In state B the filter builds a complete DOM subtree of the new element
according to the incomming events.  No events are passed to Handler at
this stage. When the subtree is complete (i.e. the corresponding
end-tag is encountered), the callback associated with the XPath
expression that matched is executed.  The root element of the subtree
is passed to the callback subroutine as the only argument.

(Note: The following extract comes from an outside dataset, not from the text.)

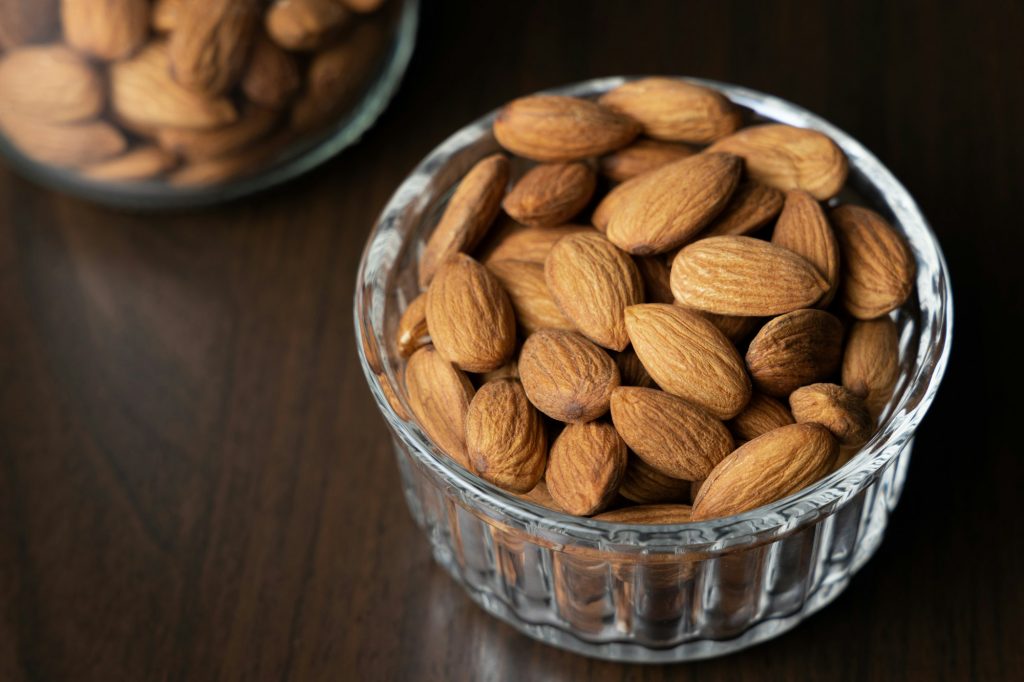 Pile of peeled raw almonds in a bowl on a wooden table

The callback is allowed to do any DOM operations on the DOM subtree,
even to replace it with one or more new subtrees. The callack must,
however, preserve the element's parent node as well as all its
ancestor nodes intact. Failing to do so can result in an error or
unpredictable results.

When the callback returns, all subtrees that now appear in the
DOM tree under the original element parent are serialized to SAX events
and passed to Handler. After that, they are deleted from the DOM tree
and the filter returns to state A.

=head1 LIMITATIONS

Note that this type of processing highly limits the amount of
information the XPath engine can use. Most notably, elements cannot be
selected by their content. The only information present in the tree at
the time of the XPath evaluation is the element's name and attributes
and the same information for all its ancestors. There is nothing known
about possible child nodes of the element as well as of its position
within its siblings at the time the XPath expressions are evaluated.

=head1 METHODS

This filter is built upon
L<XML::LibXML::SAX::Builder|XML::LibXML::SAX::Builder> module.

=over 4

=item B<new>

This is the constructor for this object. It takes a several
parameters, some of which are optional.

    XML::Filter::DOMFilter::LibXML->new(
         Handler => $handler,
         XPathContext => $xpath_context,
         Process => [ XPath => Code, XPath => Code, ... ]
       );


B<Handler> - Optional output SAX handler.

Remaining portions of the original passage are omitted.